[DESCRIPTION OF THE TASK] With the pictures omitted, set down exactly the lines from the one that contains "Фужеры и рюмки, хрусталь, Богемия оригинал" through the last line of the data.

Segment Start: DATA FOR THE TASK

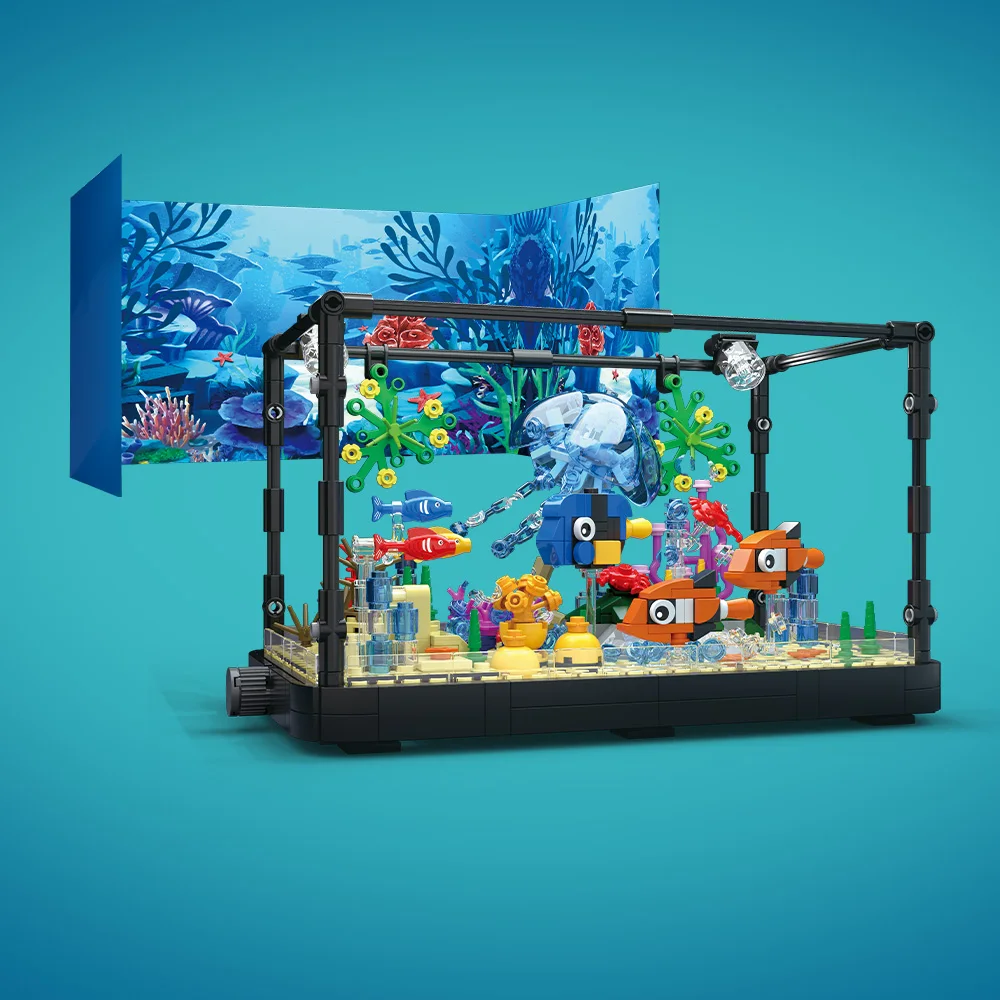 Fish Tank Building Block Set w - огляд і ціна Aquarium Fish Guppy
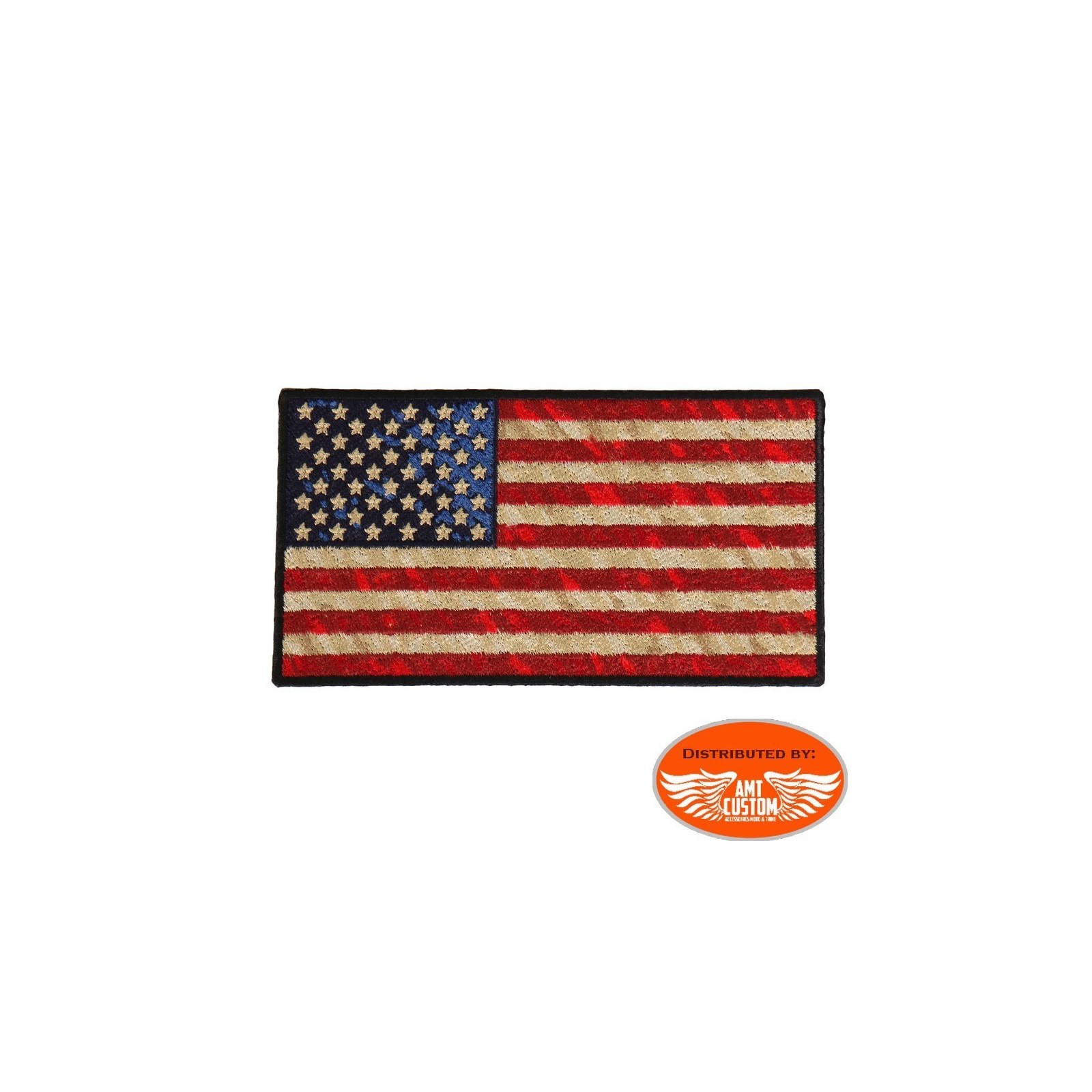 Patch ecusson imprime badge vintage drapeau usa americain etats unis californie 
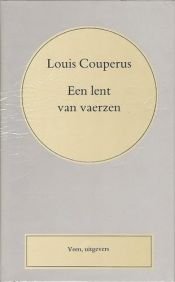 book cover of Een lent vol vaerzen by Louis Couperus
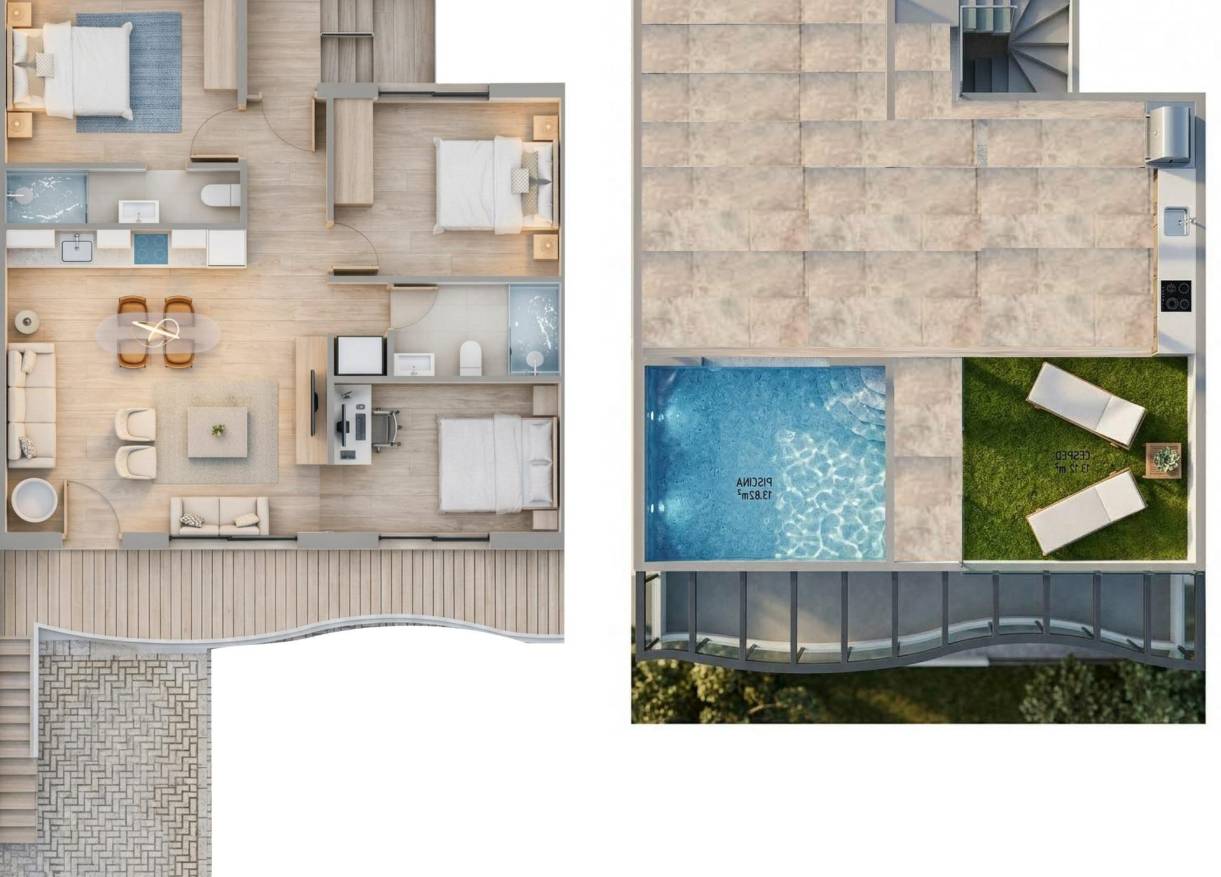 Nieuwbouw - Townhouse / Semi-detached - Pilar de la Horadada - parques de Andromeda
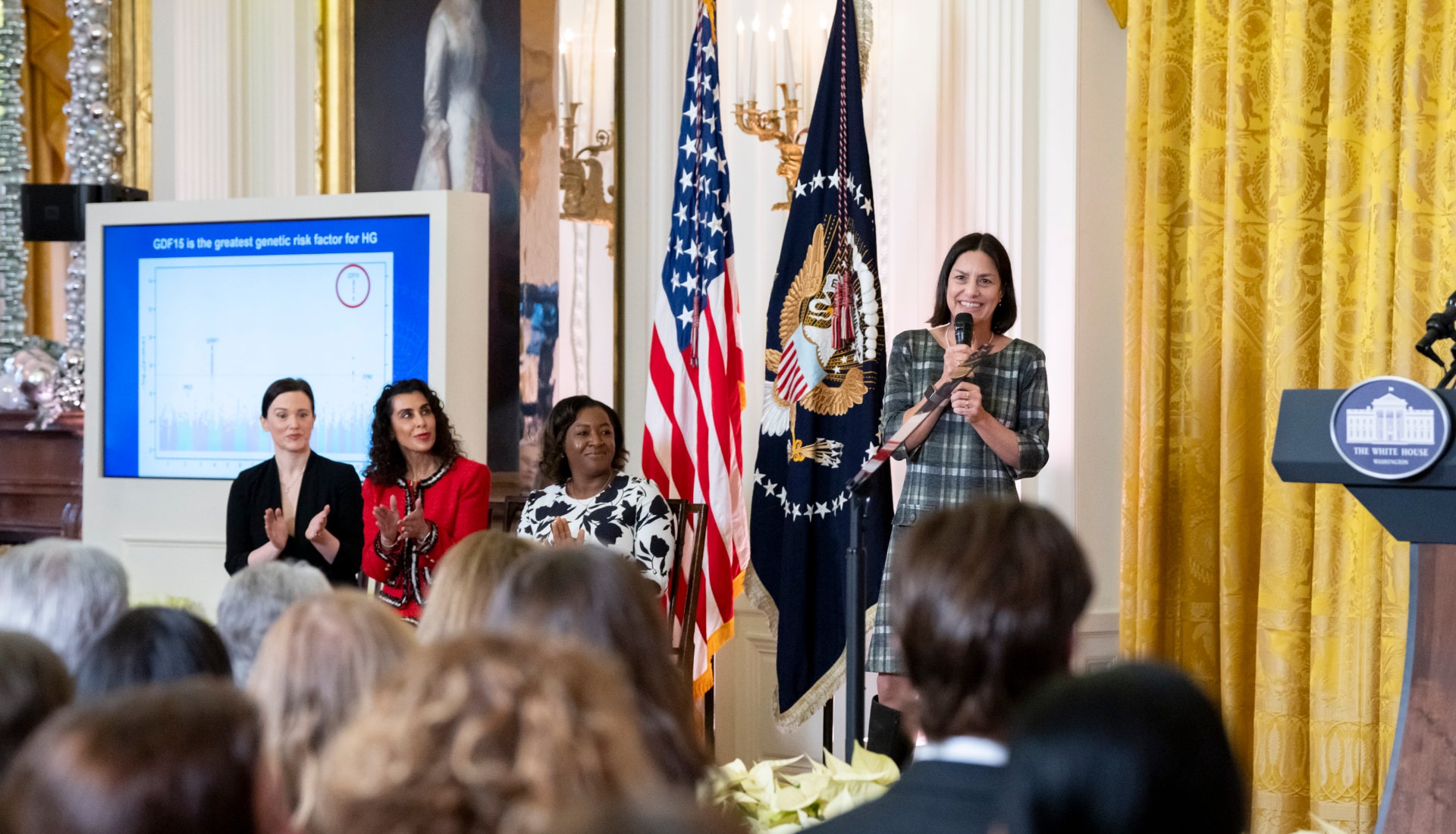Presenting GDF15 research at the White House.
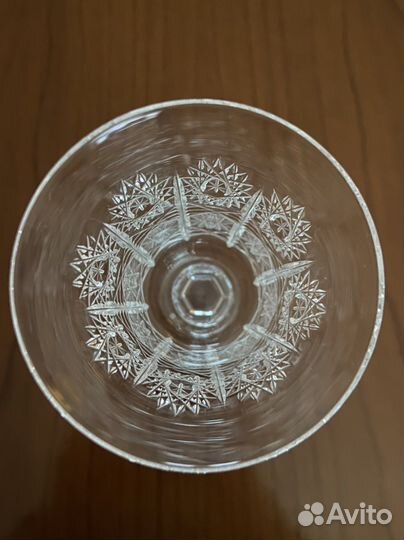 Фужеры и рюмки, хрусталь, Богемия оригинал
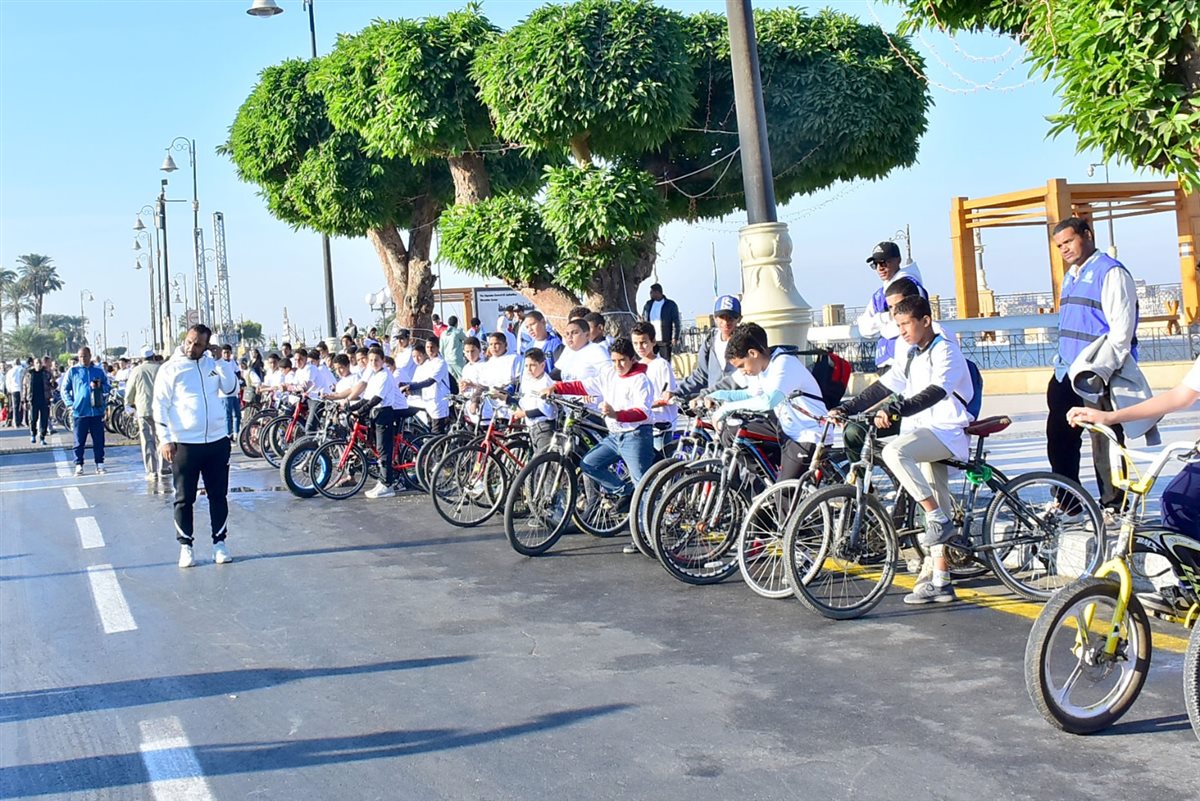 انطلق الماراثون &nbsp;بكورنيش النيل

Segment End: DATA FOR THE TASK

[OUTPUT BELOW]
 Фужеры и рюмки, хрусталь, Богемия оригинал
 انطلق الماراثون &nbsp;بكورنيش النيل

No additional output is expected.